How to complete this task
Below are records that should be duplicated exactly, with no image retained.

Material supplied
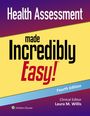 Laura Willis: Willis, L: Health Assessment Made Incredibly Easy!, Buch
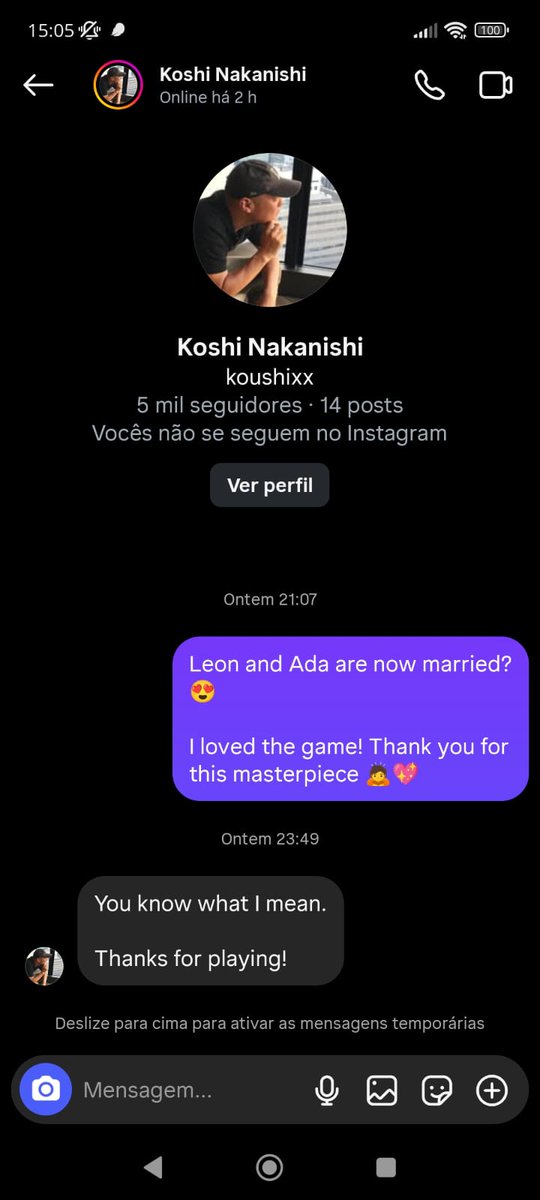 winterzys's tweet photo. E ainda tem gente que acha que  Leon tá casado com a claire ao invés da Ada https://t.co/8tbgRCJSku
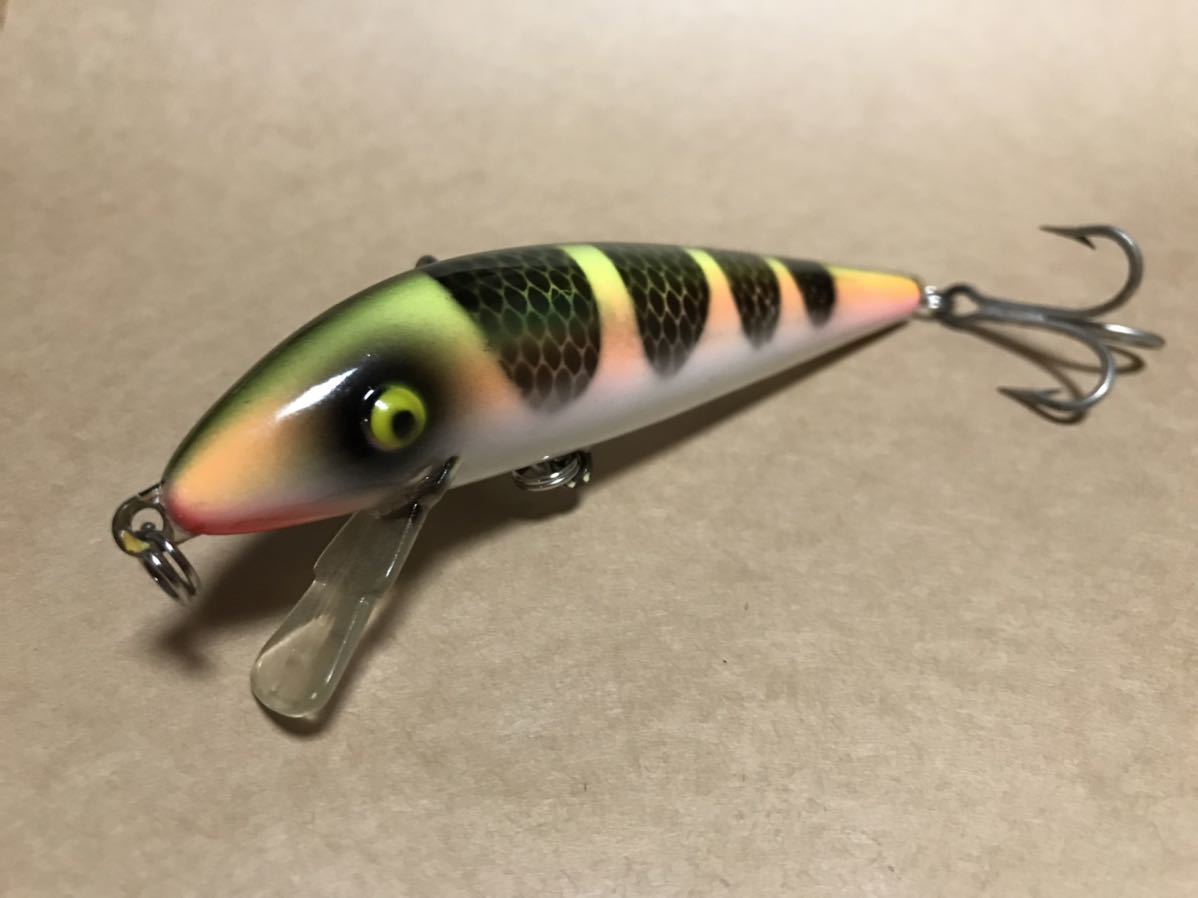 old heddon big tiger kch オールドヘドンビッグタイガー 良い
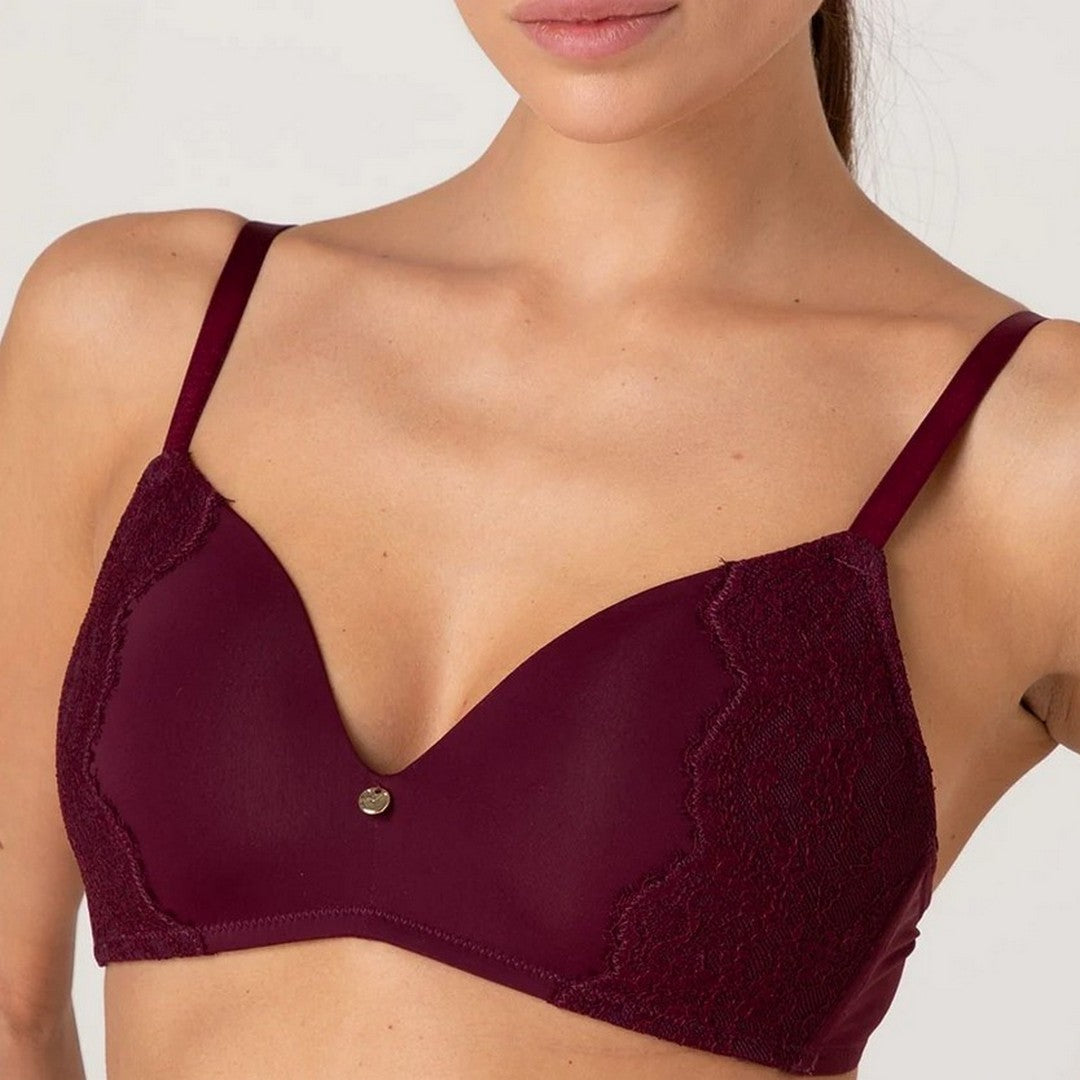 Lovable Donna Reggiseno Senza Ferretto Imbottito Beauty Lace in PIzzo - 9L0F51
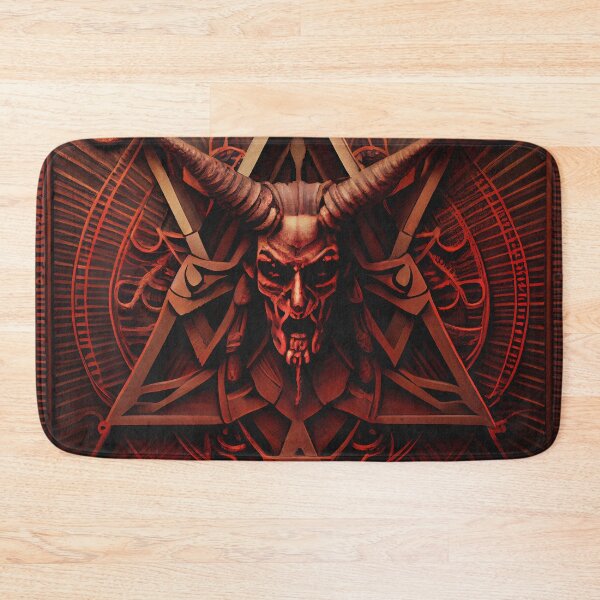 Item preview, Satanic Poster Evil Posters designed and sold by The-Dark-Art.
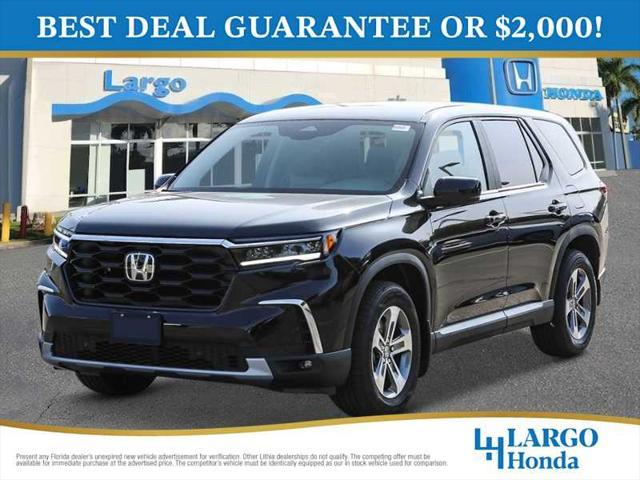 new 2025 Honda Pilot car, priced at $43,662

Written solution
 Laura Willis: Willis, L: Health Assessment Made Incredibly Easy!, Buch
 winterzys's tweet photo. E ainda tem gente que acha que  Leon tá casado com a claire ao invés da Ada https://t.co/8tbgRCJSku
 old heddon big tiger kch オールドヘドンビッグタイガー 良い
 Lovable Donna Reggiseno Senza Ferretto Imbottito Beauty Lace in PIzzo - 9L0F51
 Item preview, Satanic Poster Evil Posters designed and sold by The-Dark-Art.
 new 2025 Honda Pilot car, priced at $43,662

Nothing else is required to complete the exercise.